By Rick Platt
“You are what you eat” is a common saying indicating the importance of nutrition to health. For runners that could be changed to “You race what you eat.” Without optimum eating habits, runners (or walkers, triathletes, cyclists or swimmers) won’t have the energy to do their best workouts, won’t recover as quickly from those workouts to strengthen the body, and won’t have the endurance to run their best race on event day.
Over and over people are advised by government dietary guidelines and nutritional experts to eat more fruits, vegetables and grains, yet the American diet continues to be substandard from a health standpoint. One of the problems with putting theory into practice is the overwhelming number of food choices that are available. Supermarkets have thousands of products, 90% of which may be of dubious nutritional value. Ingredient lists, sometimes in small, hard-to-read type, can have dozens of items, many with obscure chemical names. What’s OK to buy? Which items should be avoided?
This article will give detailed dietary advice with specific, easy-to-follow recommendations for each meal of the day, drinks and desserts. As a competitive runner, I have been very interested in optimum nutrition since my college days.
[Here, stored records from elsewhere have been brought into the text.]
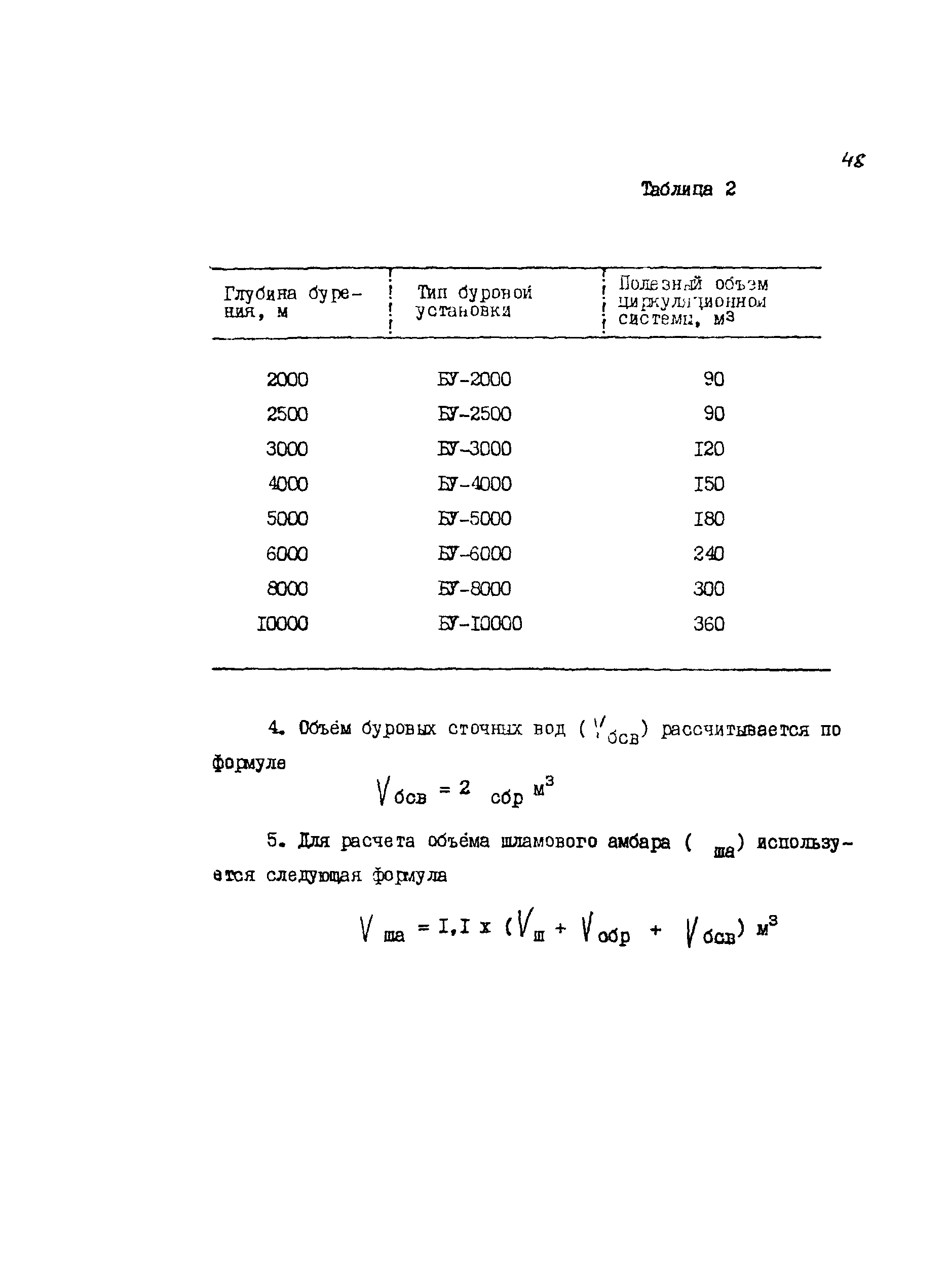 РД 39-0148052-537-87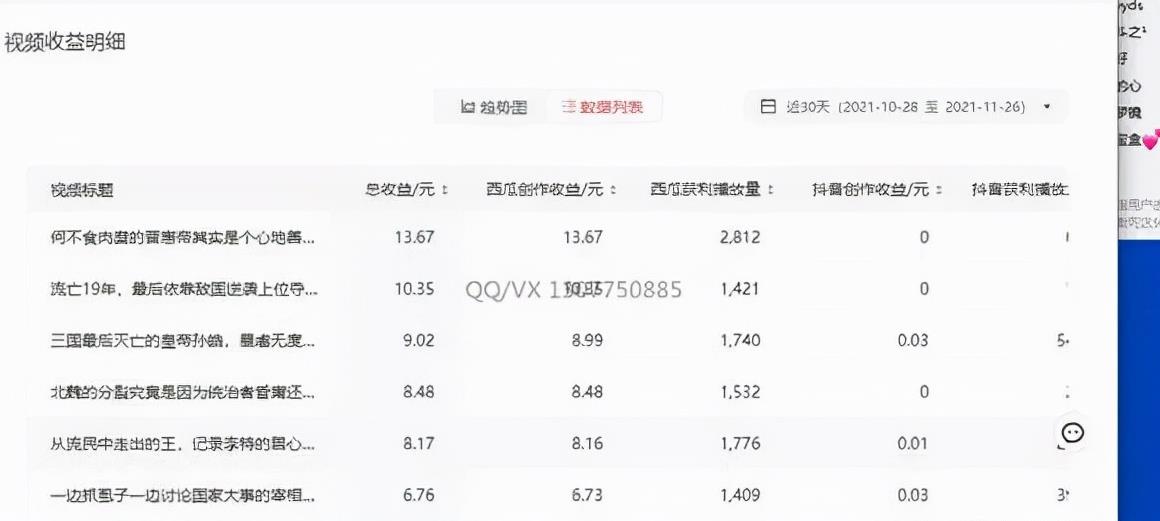如何利用头条中视频计划读书变现，开启月入过万的副业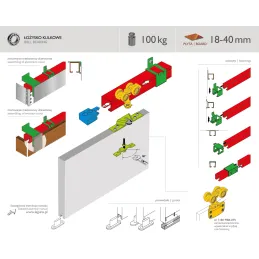 Set za jedna vrata / STANDARD 100kg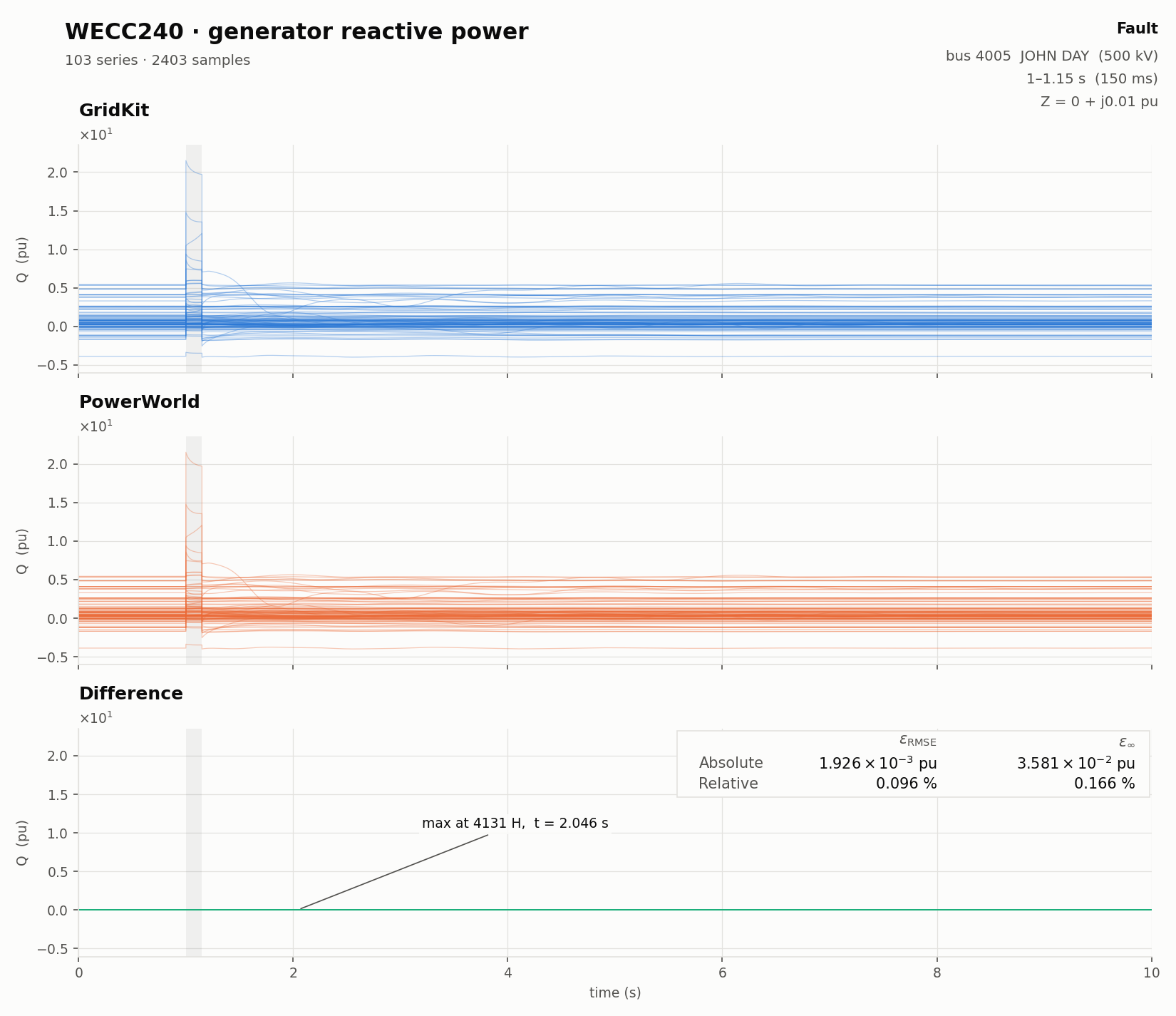 Generator reactive power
Starting with a degree from the College of William & Mary in chemistry, along with numerous courses in biology, biochemistry and sports medicine, I have since read Consumer Reports for 40 years, subscribed to the Nutrition Action Health Letter (published by the Center for Science in the Public Interest) for 20 years, and read the Washington Post’s Health & Science section every Tuesday for many years. All three are strongly recommended for unbiased and accurate advice on health and nutrition. In addition, I routinely read the full ingredients list before buying anything, and thanks to the CSPI’s “Chemical Cuisine” guidelines for food additives, I know which food additives are OK and which should be avoided.
Future articles will expand on the science and research justifying these nutritional recommendations, but this article will simply give an overview of suggested foods to buy, along with a list of items you should avoid. Although there are numerous other good choices out there, you can’t go wrong with the following suggestions. Combined with daily exercise, they are good for a long and healthy lifetime.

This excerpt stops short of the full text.